(Caption-style text data)
========================================================================

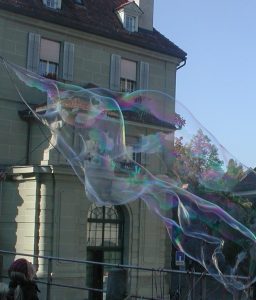 2011_10_22 Bern (CH), Seifenblase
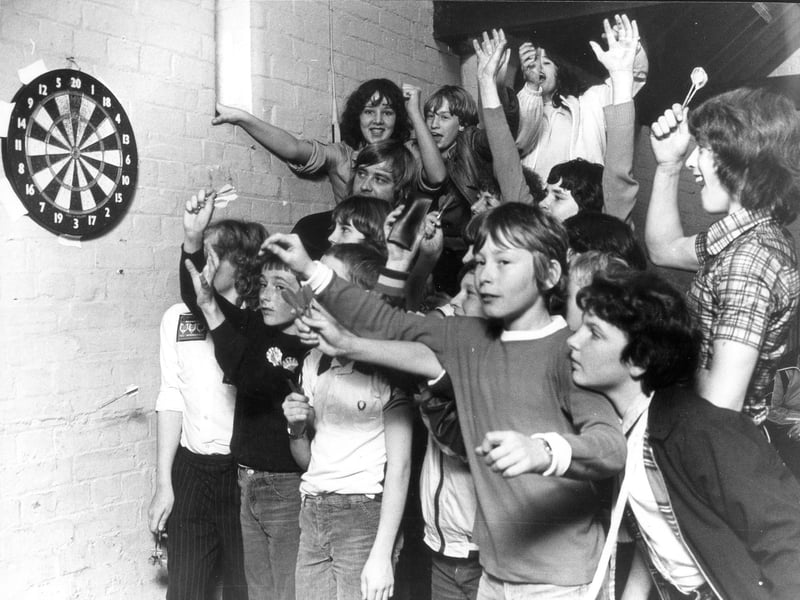Darts marathon at Southfields 1981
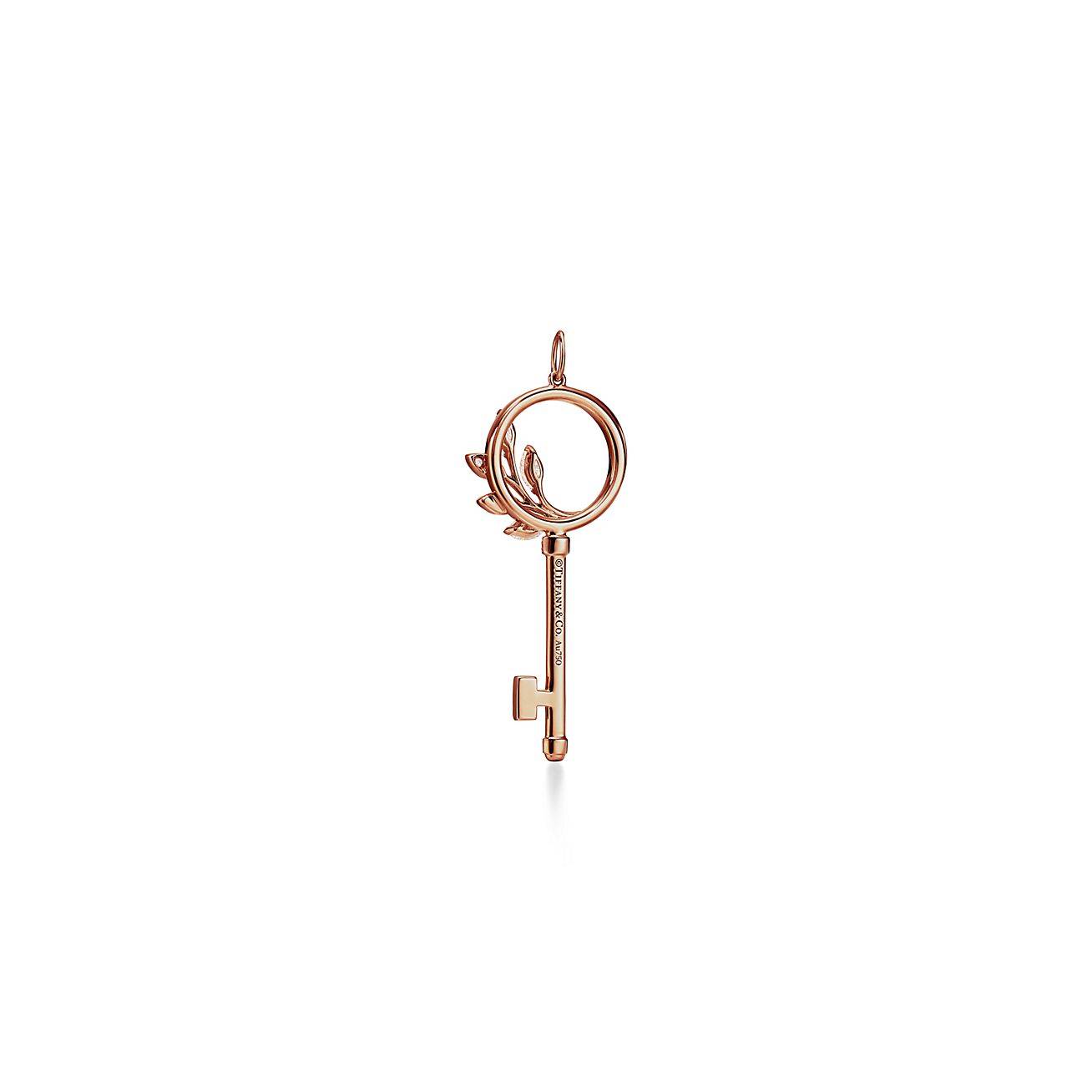 T*f*ny keys T*f*ny victoria® diamond vine circle key in 18k rose gold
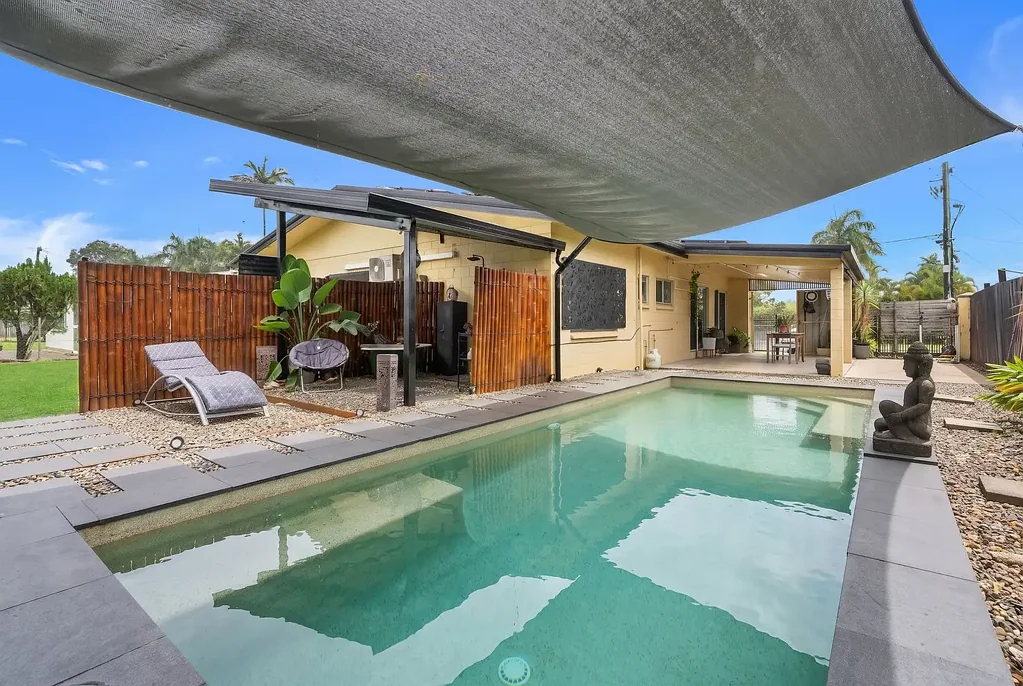 Edmonton 3ห้องนอน YOUR OWN TROPICAL RETREAT WITH THE BIG SHED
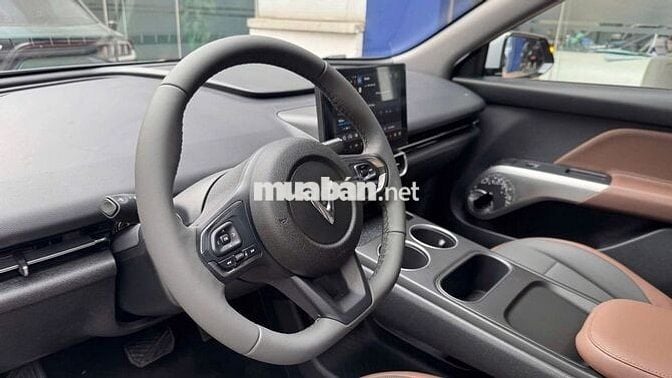 VinFast MPV7 Trắng Ô tô điện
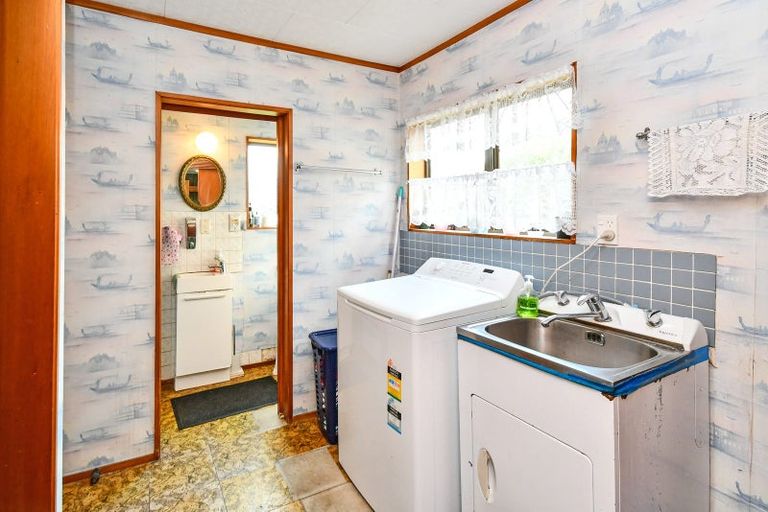 Photo of property in 17 Justamere Place, Weymouth, Auckland, 2103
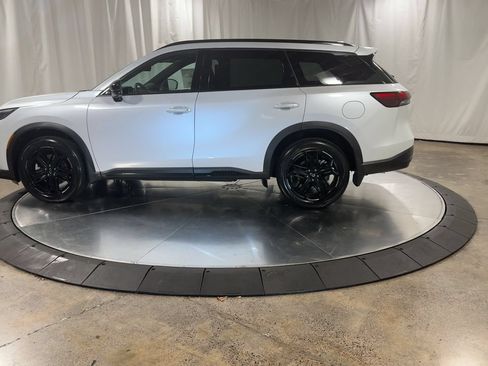 Certified 2026 INFINITI QX60 Sport w/ Dark Cargo Package AWD/4WD image 11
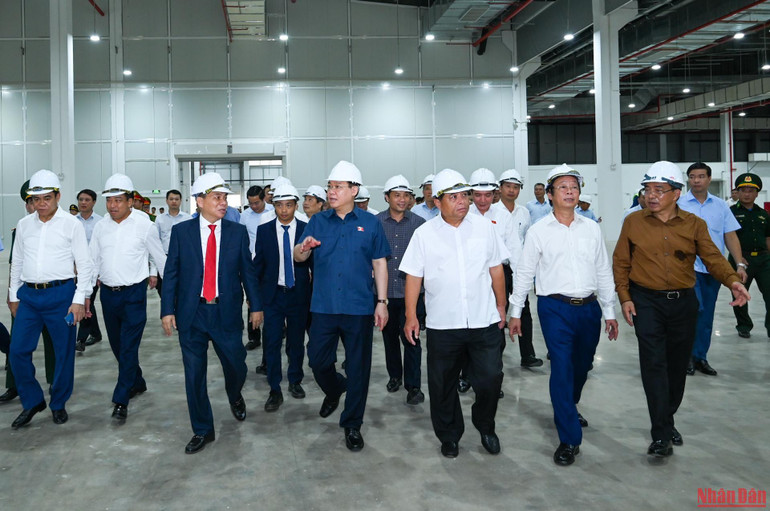 [Ảnh] Chủ tịch Quốc hội Vương Đình Huệ thăm và làm việc tại tỉnh Hà Tĩnh ảnh 9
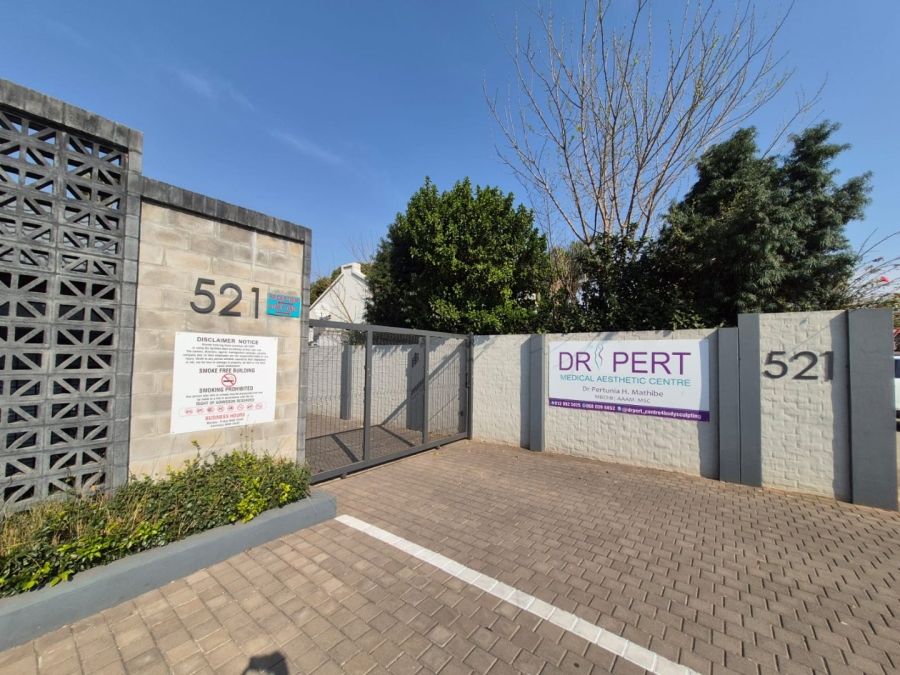 1 Bedroom Property for Sale in Garsfontein Gauteng
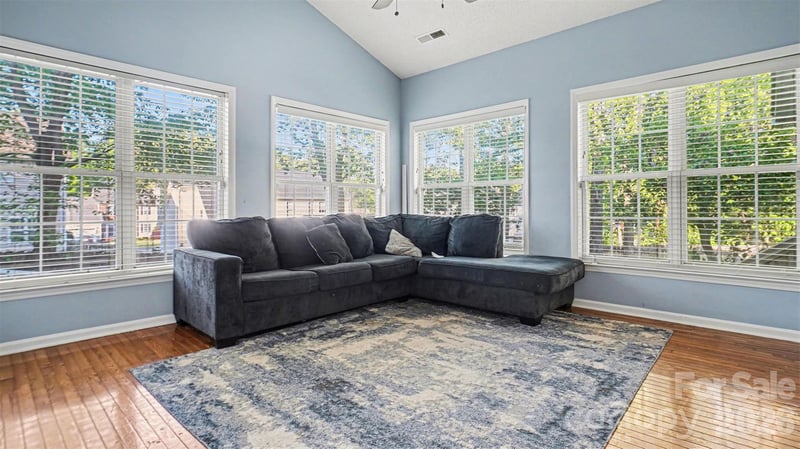 1515 Klompen Rd, Kernersville, NC 27284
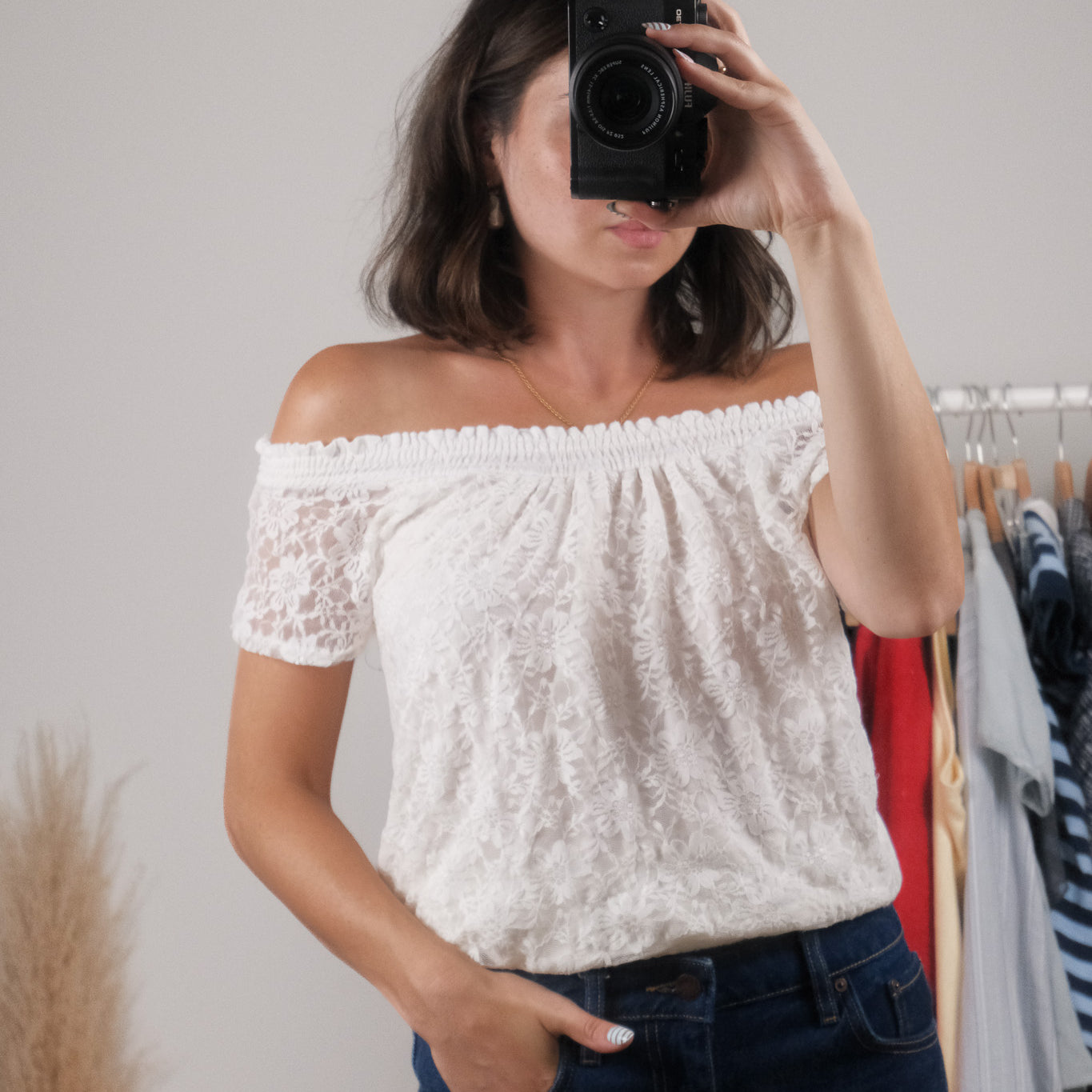 Vintage x Lace Off The Shoulder Top (S/M)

========================================================================

THE PROBLEM ::
From the first line of the entries above through the line with "Certified 2026 INFINITI", set down each line exactly and drop the pictures.

RESPONSE TO THE EXERCISE ::
 2011_10_22 Bern (CH), Seifenblase
Darts marathon at Southfields 1981
 T*f*ny keys T*f*ny victoria® diamond vine circle key in 18k rose gold
 Edmonton 3ห้องนอน YOUR OWN TROPICAL RETREAT WITH THE BIG SHED
 VinFast MPV7 Trắng Ô tô điện
 Photo of property in 17 Justamere Place, Weymouth, Auckland, 2103
 Certified 2026 INFINITI QX60 Sport w/ Dark Cargo Package AWD/4WD image 11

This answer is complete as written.